START Data section

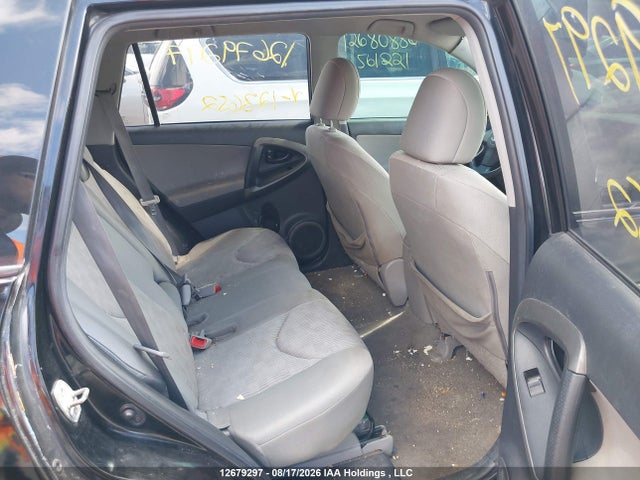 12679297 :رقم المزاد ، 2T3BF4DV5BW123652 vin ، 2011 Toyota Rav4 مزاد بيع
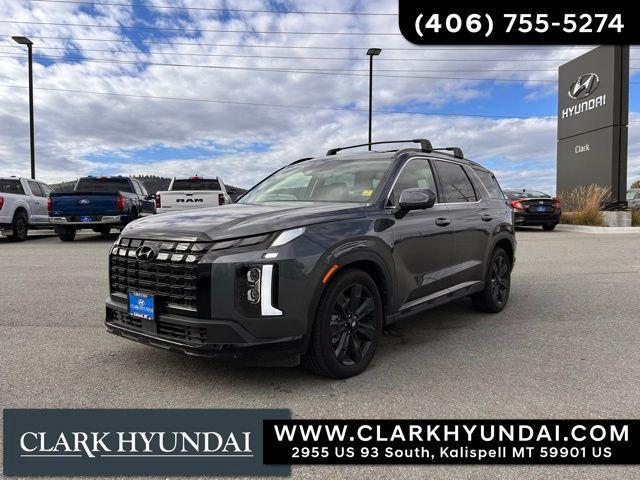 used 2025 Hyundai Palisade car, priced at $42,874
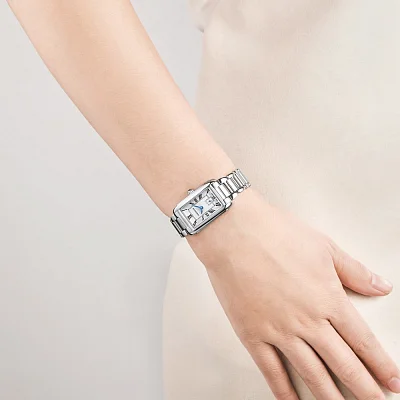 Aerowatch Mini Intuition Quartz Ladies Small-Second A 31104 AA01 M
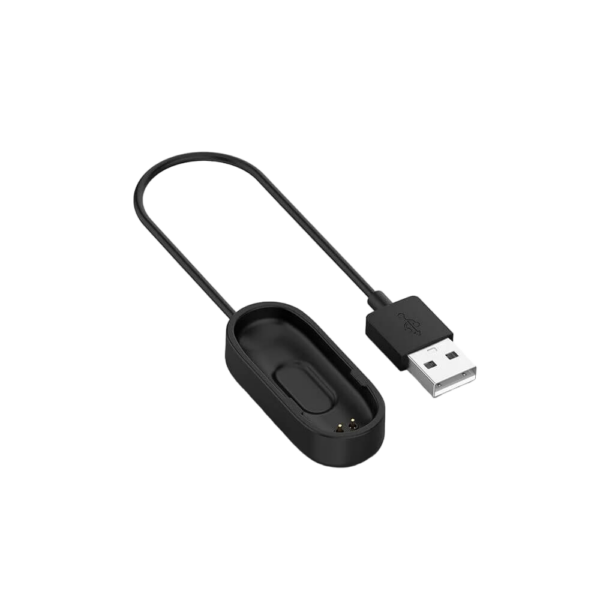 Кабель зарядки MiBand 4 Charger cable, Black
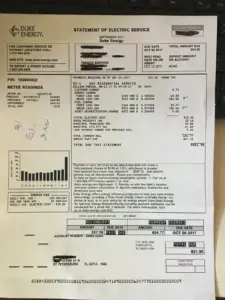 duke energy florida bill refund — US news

END Data section

> [Task to complete]: Please repeat the data above exactly as it appears, pictures excluded.

> [Output]:
 12679297 :رقم المزاد ، 2T3BF4DV5BW123652 vin ، 2011 Toyota Rav4 مزاد بيع
 used 2025 Hyundai Palisade car, priced at $42,874
 Aerowatch Mini Intuition Quartz Ladies Small-Second A 31104 AA01 M
 Кабель зарядки MiBand 4 Charger cable, Black
 duke energy florida bill refund — US news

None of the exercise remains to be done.